Angesichts aktuell steigender Zinsen aufgrund insgesamt ansteigender Inflationsraten und höherer Inflationserwartungen, verstärkt durch den Krieg in der Ukraine, erscheint ein Zinssatz von 2,9 Prozent jedoch nicht in weiter Reichweite zu liegen. Die höhere Inflationsrate dürfte sich zum Teil in höheren Arbeitseinkommen niederschlagen, sodass der Zinseffekt auf die Kreditbelastungsquote geringer ausfällt.
Insgesamt ist zu beachten, dass bei festgeschriebenen Zinsen die Schuldner infolge von Inflation profitieren können. Insofern dürften gestiegene Zinsen infolge inflationärer Tendenzen keine großen Risiken für Anschlussfinanzierungen verursachen. Ein signifikanter Anstieg der realen Zinsen hingegen erscheint weiter unwahrscheinlich, vor allem aufgrund der demografisch bedingten hohen Sparleistung in den Industrieländern (Demary/Voigtländer, 2018).
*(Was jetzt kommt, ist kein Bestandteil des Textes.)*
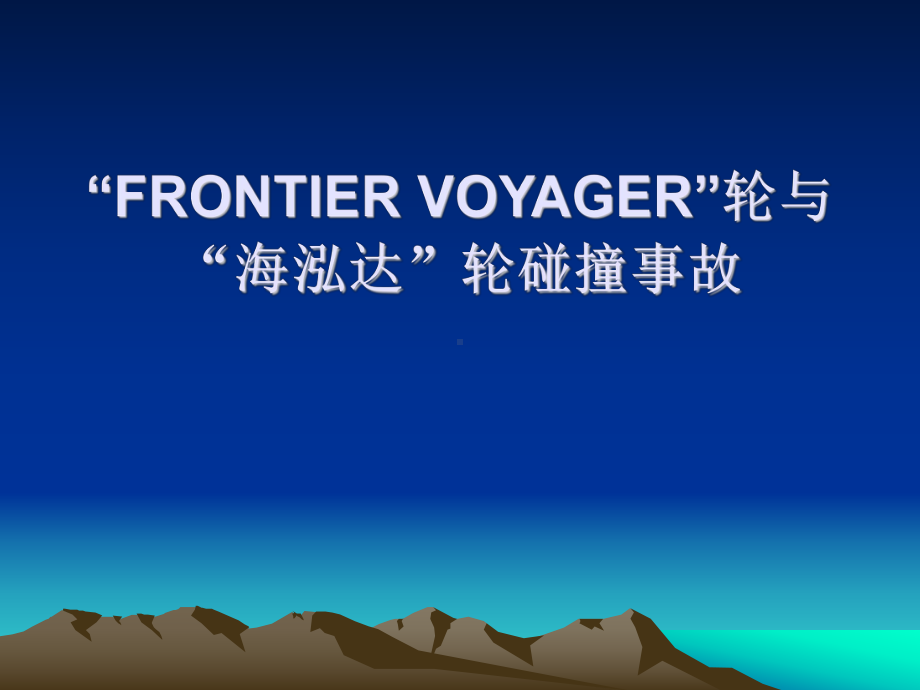 FRONTIER-VOYAGER轮与海泓达轮碰撞事故课件.ppt_第1页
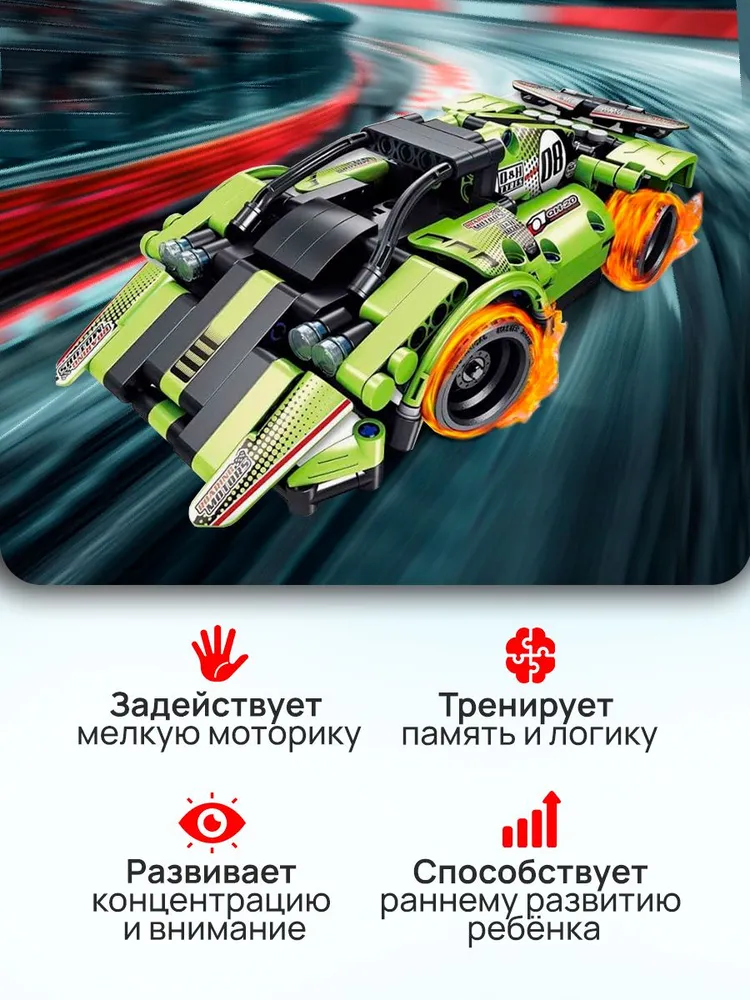 Конструктор Im.Master - фото 5
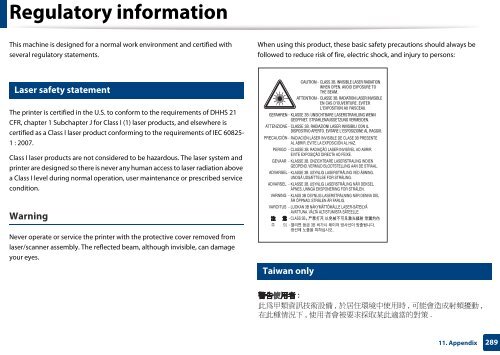 Samsung Multifunzione b/n MultiXpress SL-K7500LX (A3) (50 ppm) - User Manual_36.16 MB, pdf, ENGLISH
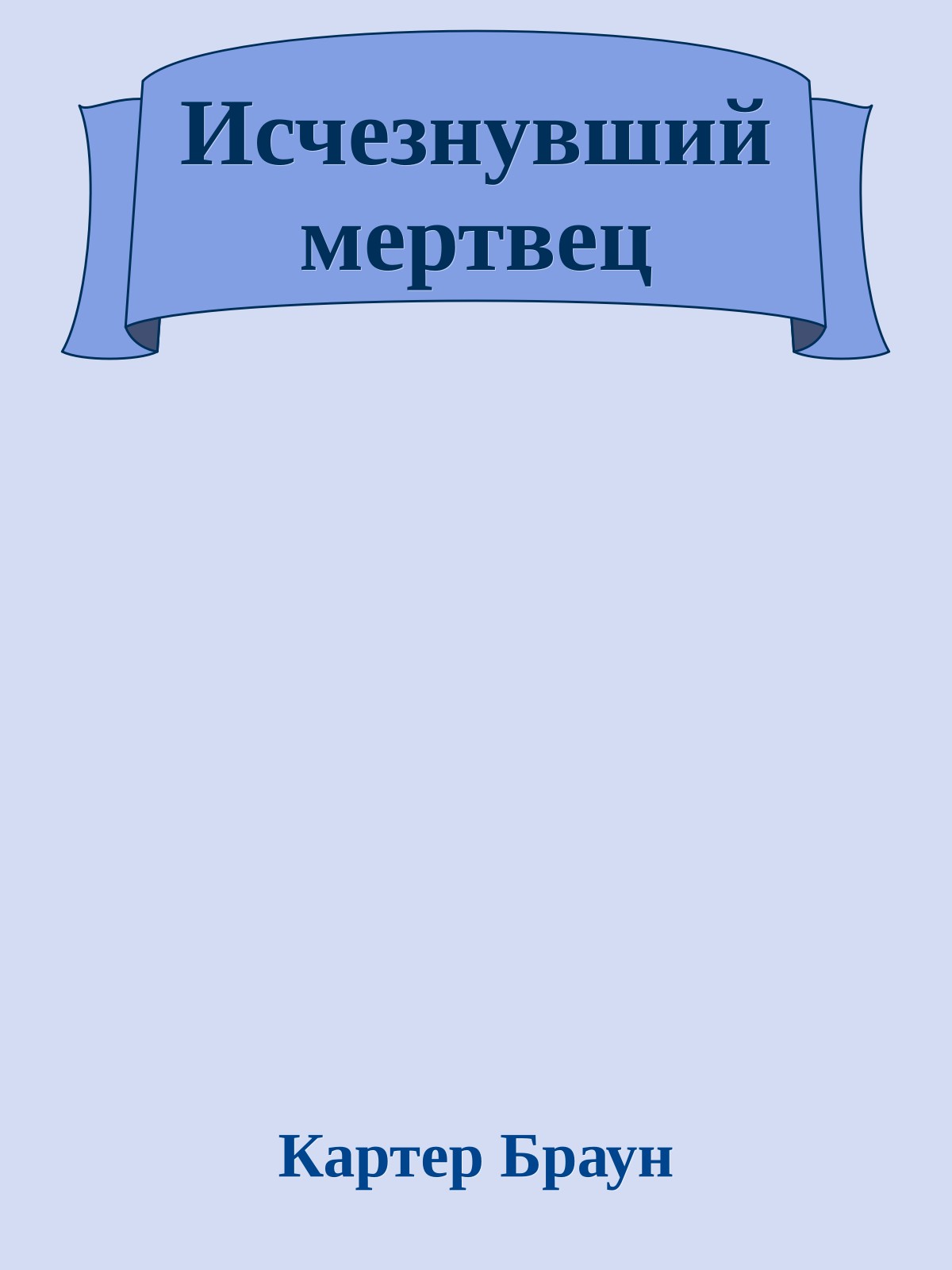 Исчезнувший мертвец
Ein besonderes Augenmerk legen die Aufsichtsbehörden auf jene Marktteilnehmer, die sehr hohe Beleihungsausläufe haben. Sowohl auf Basis der Daten von Europace als auch von vdp liegt der Anteil der Haushalte mit einer Fremdkapitalquote von mehr als 100 Prozent bei fast einem Fünftel. Daher wurde für diese Haushalte zusätzlich bestimmt, welche Risiken in der Anschlussfinanzierung bestehen.